**Problem**
Every line of the data below is to be duplicated exactly, pictures excepted.
══ Available data ══
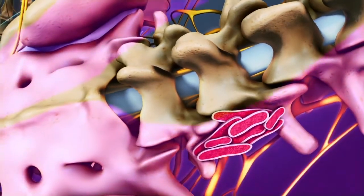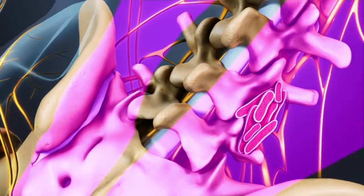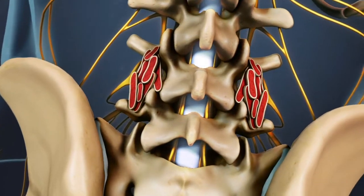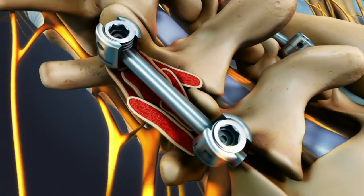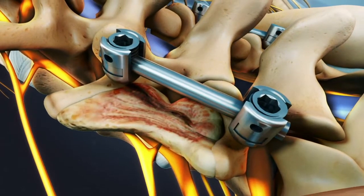The surgeon then moves the muscles back down over the graft, generating tension that will hold it in place as the body heals. The process is repeated on the other side of the spine so that both sides can fuse. The surgeon may also use spinal instrumentation, such as pedicle screws and rods, to provide additional stability while the bone fusion is healing together.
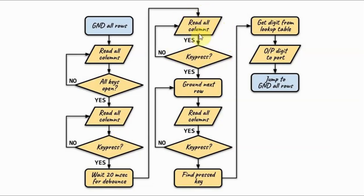Here we read the columns and check for key press. Once we have a confirmed key press, we can go and ground the first row, and then check the column values.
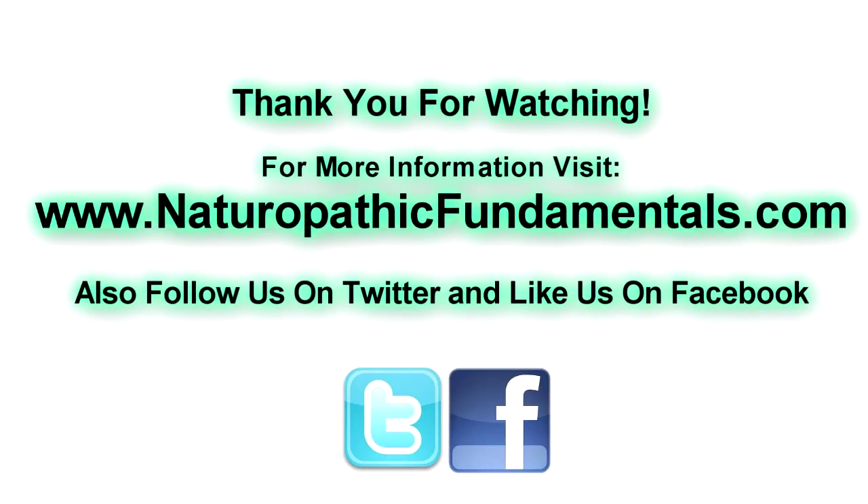If you have any questions or comments guys, post them below. Don't forget to subscribe to the channel. Thank you.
═══
**Task answer**
The surgeon then moves the muscles back down over the graft, generating tension that will hold it in place as the body heals. The process is repeated on the other side of the spine so that both sides can fuse. The surgeon may also use spinal instrumentation, such as pedicle screws and rods, to provide additional stability while the bone fusion is healing together.
Here we read the columns and check for key press. Once we have a confirmed key press, we can go and ground the first row, and then check the column values.
If you have any questions or comments guys, post them below. Don't forget to subscribe to the channel. Thank you.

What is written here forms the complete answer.